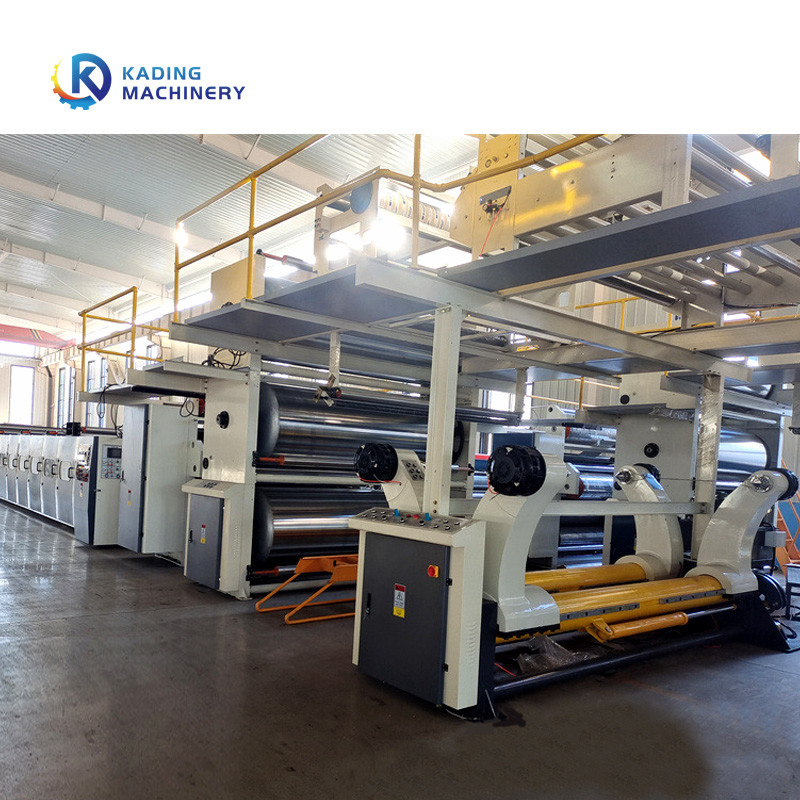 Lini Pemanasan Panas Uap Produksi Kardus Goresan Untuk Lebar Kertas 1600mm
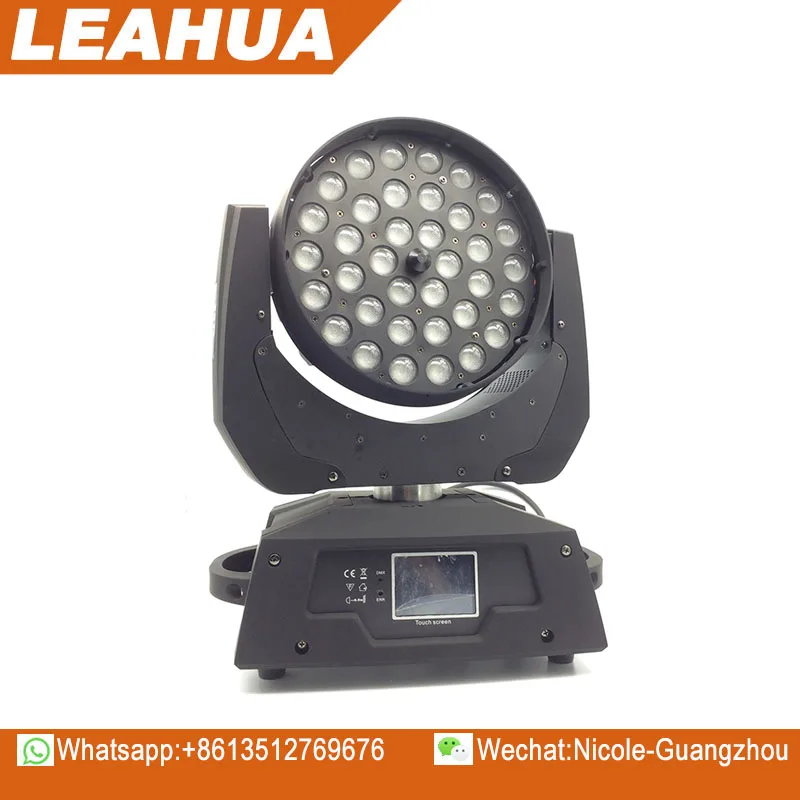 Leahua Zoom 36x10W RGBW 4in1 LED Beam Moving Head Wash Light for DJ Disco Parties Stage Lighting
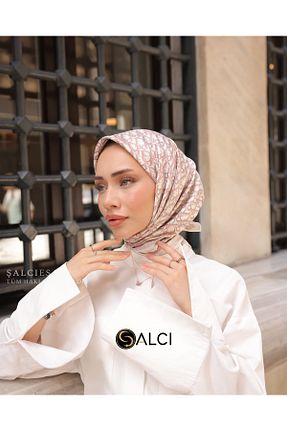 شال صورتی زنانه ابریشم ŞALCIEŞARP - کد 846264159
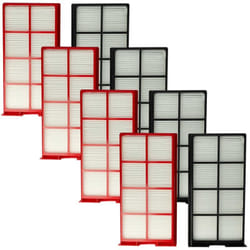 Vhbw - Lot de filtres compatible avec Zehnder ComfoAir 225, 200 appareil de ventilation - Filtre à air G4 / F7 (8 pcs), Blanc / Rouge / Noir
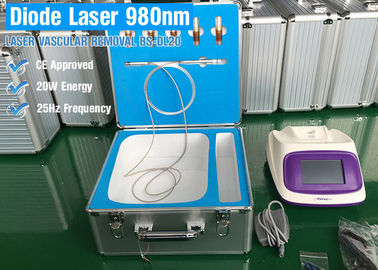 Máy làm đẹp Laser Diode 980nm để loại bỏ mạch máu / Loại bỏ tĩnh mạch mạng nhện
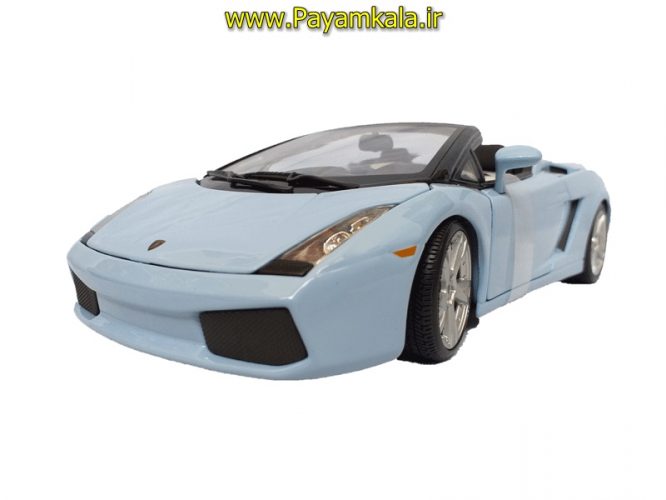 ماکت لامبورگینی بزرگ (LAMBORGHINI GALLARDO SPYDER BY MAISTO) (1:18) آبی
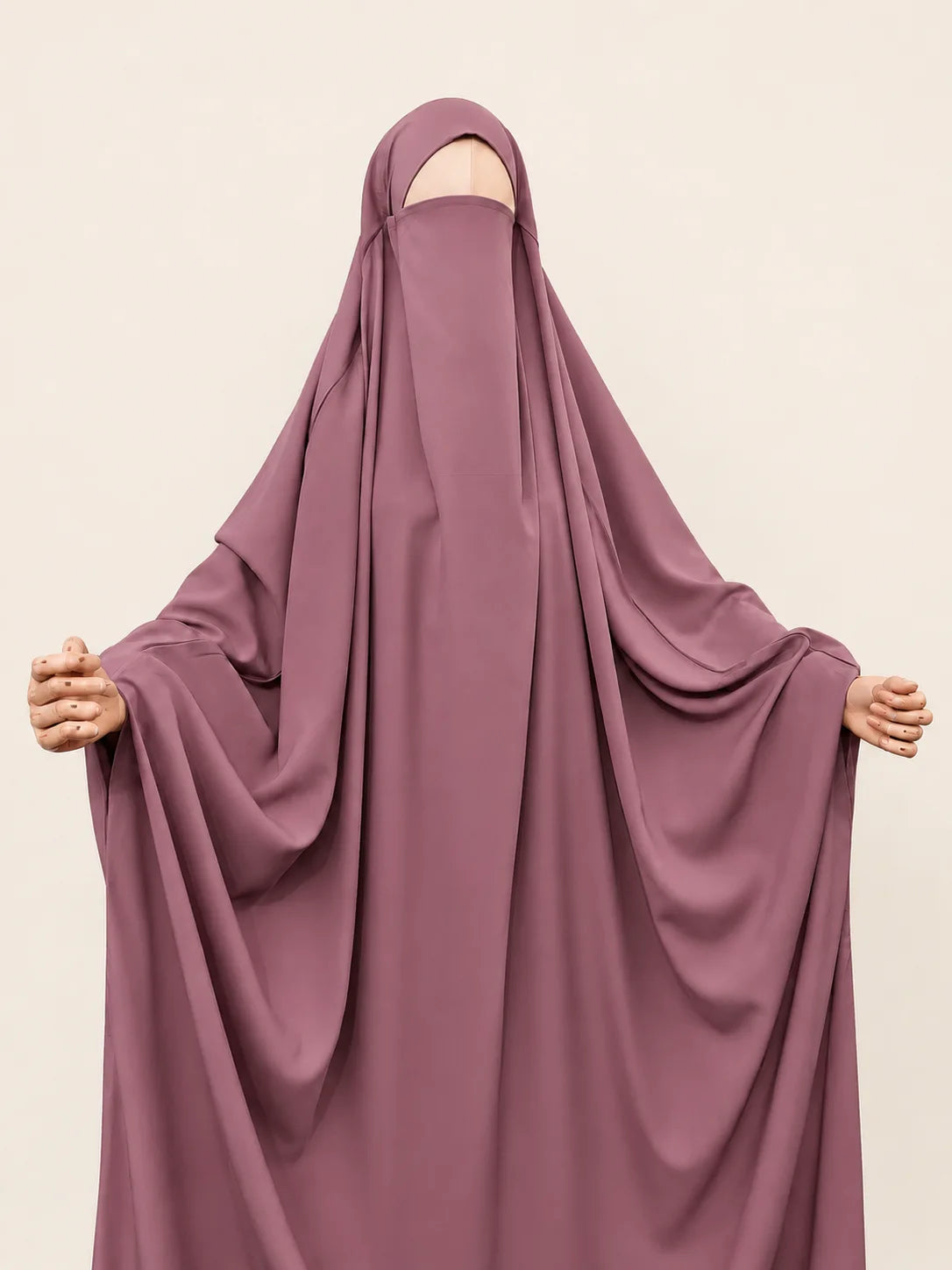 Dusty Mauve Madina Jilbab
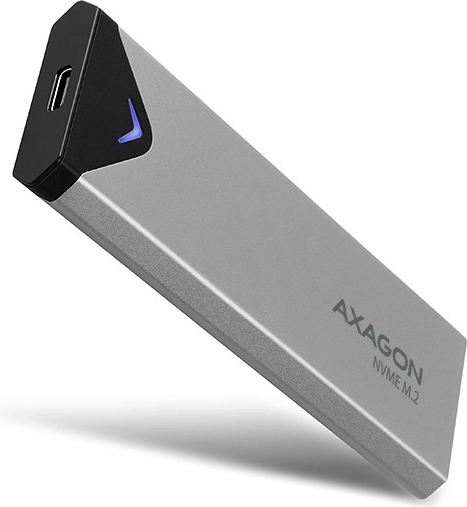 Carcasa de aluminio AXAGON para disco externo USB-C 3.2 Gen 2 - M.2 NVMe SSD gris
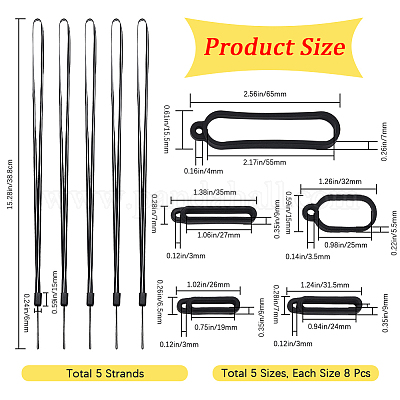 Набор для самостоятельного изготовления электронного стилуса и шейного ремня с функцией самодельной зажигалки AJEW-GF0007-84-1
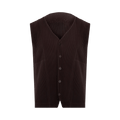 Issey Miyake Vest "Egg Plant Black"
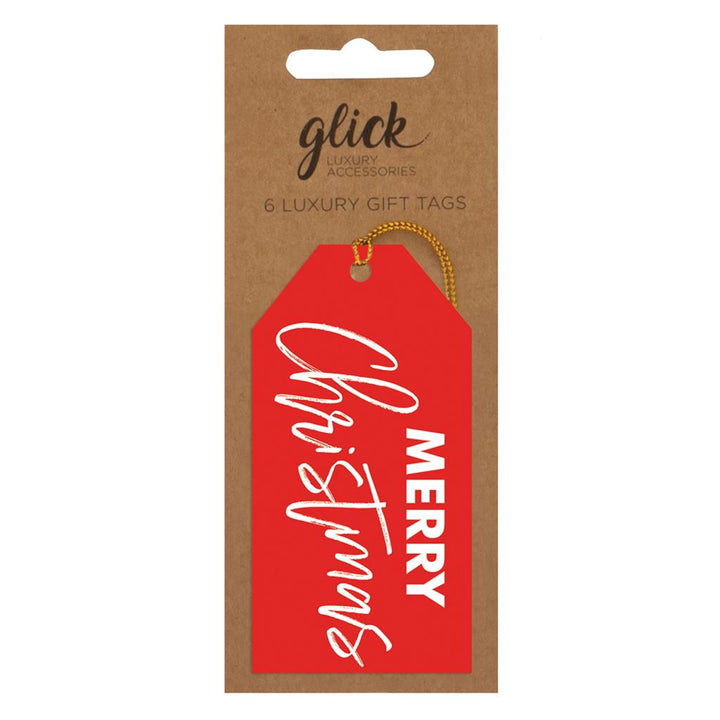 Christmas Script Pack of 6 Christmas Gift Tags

==

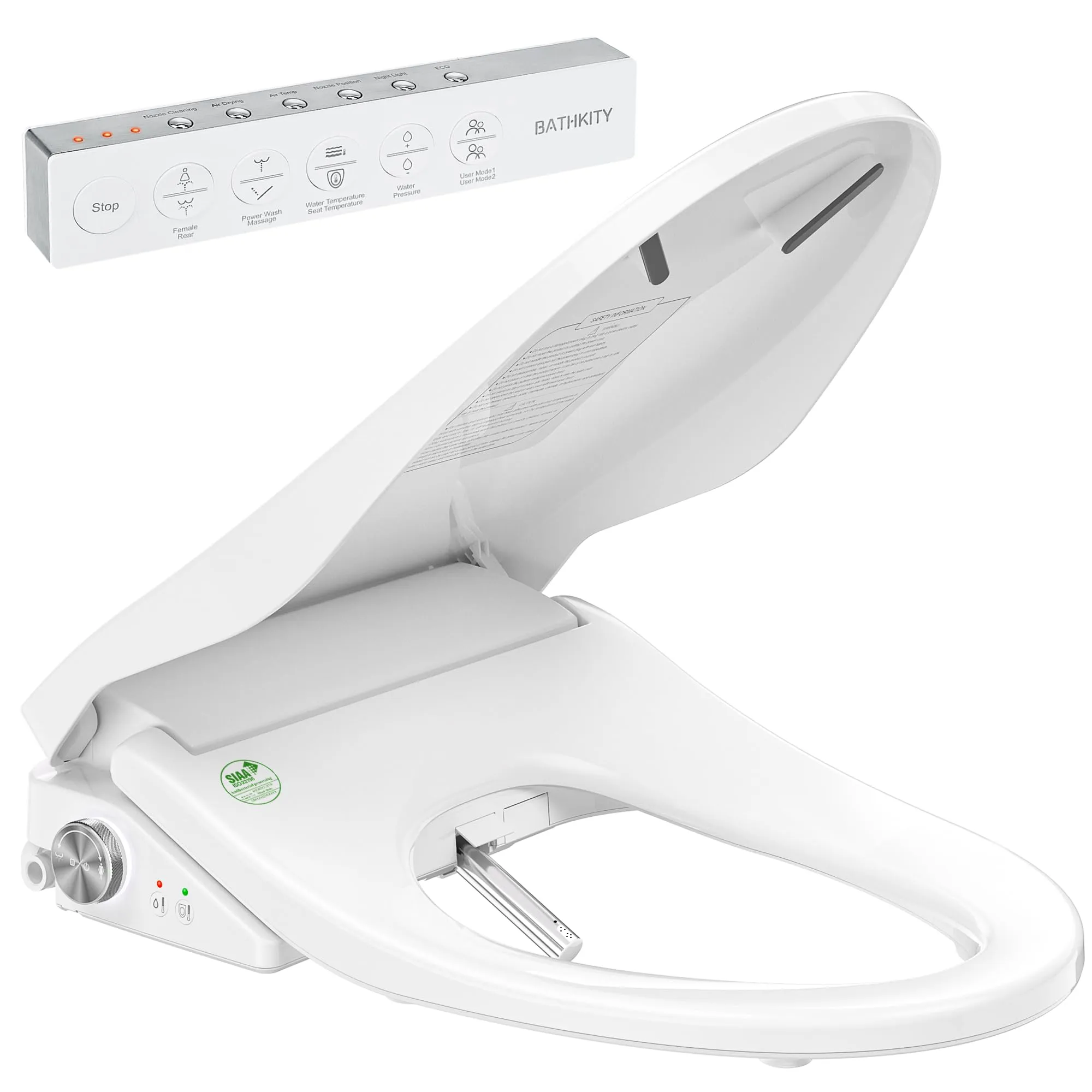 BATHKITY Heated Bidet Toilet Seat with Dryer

# Problem description
The response must repeat exactly the lines above from the one with "Lini Pemanasan Panas" through the one with "Christmas Script Pack", including both, and must contain no pictures and no other text.

# Finished exercise
 Lini Pemanasan Panas Uap Produksi Kardus Goresan Untuk Lebar Kertas 1600mm
 Leahua Zoom 36x10W RGBW 4in1 LED Beam Moving Head Wash Light for DJ Disco Parties Stage Lighting
 شال صورتی زنانه ابریشم ŞALCIEŞARP - کد 846264159
 Vhbw - Lot de filtres compatible avec Zehnder ComfoAir 225, 200 appareil de ventilation - Filtre à air G4 / F7 (8 pcs), Blanc / Rouge / Noir
 Máy làm đẹp Laser Diode 980nm để loại bỏ mạch máu / Loại bỏ tĩnh mạch mạng nhện
 ماکت لامبورگینی بزرگ (LAMBORGHINI GALLARDO SPYDER BY MAISTO) (1:18) آبی
 Dusty Mauve Madina Jilbab
 Carcasa de aluminio AXAGON para disco externo USB-C 3.2 Gen 2 - M.2 NVMe SSD gris
 Набор для самостоятельного изготовления электронного стилуса и шейного ремня с функцией самодельной зажигалки AJEW-GF0007-84-1
 Issey Miyake Vest "Egg Plant Black"
 Christmas Script Pack of 6 Christmas Gift Tags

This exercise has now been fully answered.